そしてハイテク産業に見られる「収穫逓増の法則」が具体的な事例として提示されます。ここで言う「収穫逓増の法則」は「収穫逓減の法則」に対する反語であり、それは従来の経済学の拠り所であった「稀少性」や「限界効用原理」の否定を意味します。ちなみに、電脳経済学では価値源泉を情報集約としていますので複雑系の主張と一致しています。
これが複雑系の粗筋ですが、これは次のような背景のもとに形成されました。
●従来の物性物理学では、原子や分子から構成される比較的単純な物質を中心に研究が進められてきた。
●しかし計算機能力の飛躍的向上や新しい実験技術の開発に応じて、それまで理論の域にとどまっていたカオス、フラクタル、ファージー、カタストロフィーなどに代表される複雑な系が記述・表現できるようになってきた。
●これらは基本的に系の非線形性に起因するもので、その最も顕著な事例は生命系や意識作用に見られる。免疫系、遺伝系、生態系、生命発生、生物進化を巡る知見が広がるにつれて、生命現象の再現つまり人工生命が射程圏内になってきた。
●なお、複雑系を広義に捉えればこれまでの科学では対象外とされてきた領域(例えば超常現象など)についても科学の言葉で説明を試みるものでこの文脈においてニューサイエンスと重なりあっている。これはまた、原因と結果の関係を要素に還元して解明する従来の閉鎖系の方法から、相互作用・相互浸透の働きや仕組みに着目する開放系の方法への移行とも言える。
これらを踏まえたうえで次に本題である電脳経済学との関連について述べます。
結論的に申して答えは簡単です。図ct06複雑系と電脳経済学において電脳経済学は青色の部分を、複雑系は赤色の部分を対象としています。つまり複雑系は現象面(水平面)を統合的に記述しようとするものであり、一方電脳経済学はa51電脳経済学の概観に示すように現象面から垂直方向に本質へ向けてを掘り下げて四つの学問領域を通底関係
の文脈から捉える立場をとります。展開方向を水平にとるか鉛直にとるかに両者の違いがあります。これは空間と時間の関係あるいは方法と目的の関係と言い換えることも出来ます。
複雑系が空間的な相互関係から現象を捉えようとするのに対して電脳経済学では時間的な因果関係に注目します。そして究極的な本質をビッグバーン時の「情報爆発」に求めます。これは現代版[予定調和説」(ライプニッツのモナド論に近い)といえますが、この点に関してはbi1情報ビッグバーンを参照願います。

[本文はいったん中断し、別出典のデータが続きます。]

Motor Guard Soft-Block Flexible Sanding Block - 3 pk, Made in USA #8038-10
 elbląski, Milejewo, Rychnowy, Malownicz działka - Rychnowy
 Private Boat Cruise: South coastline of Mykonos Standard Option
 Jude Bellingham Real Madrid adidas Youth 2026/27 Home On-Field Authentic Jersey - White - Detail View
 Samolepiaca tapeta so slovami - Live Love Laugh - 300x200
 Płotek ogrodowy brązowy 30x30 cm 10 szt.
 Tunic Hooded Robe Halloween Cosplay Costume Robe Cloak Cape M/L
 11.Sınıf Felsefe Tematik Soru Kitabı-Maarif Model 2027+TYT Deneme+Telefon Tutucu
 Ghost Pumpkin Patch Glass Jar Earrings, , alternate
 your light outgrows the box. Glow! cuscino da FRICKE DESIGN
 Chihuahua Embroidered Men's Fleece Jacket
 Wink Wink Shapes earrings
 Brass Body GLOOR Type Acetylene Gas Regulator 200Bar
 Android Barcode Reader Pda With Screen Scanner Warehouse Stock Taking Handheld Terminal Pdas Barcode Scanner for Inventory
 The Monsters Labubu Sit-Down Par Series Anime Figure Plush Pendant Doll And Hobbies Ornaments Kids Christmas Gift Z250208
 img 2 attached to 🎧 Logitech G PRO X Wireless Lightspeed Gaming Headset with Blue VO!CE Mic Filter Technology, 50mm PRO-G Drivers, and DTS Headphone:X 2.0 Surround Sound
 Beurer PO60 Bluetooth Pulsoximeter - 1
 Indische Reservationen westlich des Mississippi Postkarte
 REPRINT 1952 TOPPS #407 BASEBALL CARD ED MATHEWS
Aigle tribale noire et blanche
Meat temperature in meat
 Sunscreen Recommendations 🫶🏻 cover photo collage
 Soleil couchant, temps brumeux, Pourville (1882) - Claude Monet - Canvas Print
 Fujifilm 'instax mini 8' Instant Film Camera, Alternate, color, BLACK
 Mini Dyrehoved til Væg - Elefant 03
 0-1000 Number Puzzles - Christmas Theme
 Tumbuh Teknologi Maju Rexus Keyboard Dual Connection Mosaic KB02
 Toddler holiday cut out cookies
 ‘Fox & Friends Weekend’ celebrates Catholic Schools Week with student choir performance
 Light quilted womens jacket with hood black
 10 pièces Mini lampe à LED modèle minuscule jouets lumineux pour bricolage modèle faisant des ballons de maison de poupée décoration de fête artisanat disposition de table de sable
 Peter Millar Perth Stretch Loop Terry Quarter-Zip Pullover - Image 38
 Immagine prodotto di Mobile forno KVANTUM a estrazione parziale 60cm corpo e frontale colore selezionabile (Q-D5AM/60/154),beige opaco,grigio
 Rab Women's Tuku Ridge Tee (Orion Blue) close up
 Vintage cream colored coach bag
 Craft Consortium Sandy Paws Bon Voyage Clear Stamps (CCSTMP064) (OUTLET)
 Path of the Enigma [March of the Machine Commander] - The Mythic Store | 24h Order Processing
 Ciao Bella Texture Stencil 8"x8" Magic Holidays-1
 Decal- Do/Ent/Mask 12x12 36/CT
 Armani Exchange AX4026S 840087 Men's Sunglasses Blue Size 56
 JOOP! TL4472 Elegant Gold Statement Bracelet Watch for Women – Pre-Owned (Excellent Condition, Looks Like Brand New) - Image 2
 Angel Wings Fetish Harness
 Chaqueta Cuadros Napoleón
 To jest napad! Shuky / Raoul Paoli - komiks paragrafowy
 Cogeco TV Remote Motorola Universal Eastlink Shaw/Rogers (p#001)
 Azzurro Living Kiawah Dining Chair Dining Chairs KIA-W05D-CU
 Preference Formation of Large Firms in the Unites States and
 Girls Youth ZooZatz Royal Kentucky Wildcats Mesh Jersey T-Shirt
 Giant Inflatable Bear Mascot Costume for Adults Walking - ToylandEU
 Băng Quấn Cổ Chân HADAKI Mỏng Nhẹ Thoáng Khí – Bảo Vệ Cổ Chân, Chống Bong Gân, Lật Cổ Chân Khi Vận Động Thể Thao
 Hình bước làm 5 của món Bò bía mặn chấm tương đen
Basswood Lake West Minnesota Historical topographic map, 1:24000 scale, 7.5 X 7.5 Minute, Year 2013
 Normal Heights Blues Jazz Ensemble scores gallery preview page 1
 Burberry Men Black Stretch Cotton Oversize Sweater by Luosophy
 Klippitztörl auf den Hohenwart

ここで言う掘り下げをマルクスは下向法(電脳経済学の概観左欄参照)と呼んでいます。それを図ct06左端に下向き矢印で示しています。同様に右端の上向き矢印は上向法に相当します。 マルクスは現実面をめぐってこれを繰り返し検証する必要性を説いています。ここで注意すべきは通底関係を図ct06のレベルで捉えるか、中心点まで掘り下げるかの違いです。中心点の本質に達すれば論理的にはすべての現象を説明可能となりますが、一方で本質とは玉ねぎの皮つまり属性を剥ぎ取った状態を指しますから、そこには何も存在しないことになります。そうなると無から有が発生するのか?上述のbi1情報ビッグバーンと絡み永遠の宿題として残ります。
電脳経済学では本質の中心点にとりあえずe24梵我一如の考え方を据えています。人間の解放が究極的な人生目的だとする主張です。一方、複雑系は現象の記述方法を巡る学際的な取り組みを指すものです。したがって、複雑系も本質論や目的論との関係が論議される段階に至れば同心円的に梵我一如の考え方に収束して行くものと思われます。これも広い意味では弁証法と言えるでしょう。なおe22目的論と方法論は図ct06の扇形部分を時間的に反転して表現したものです。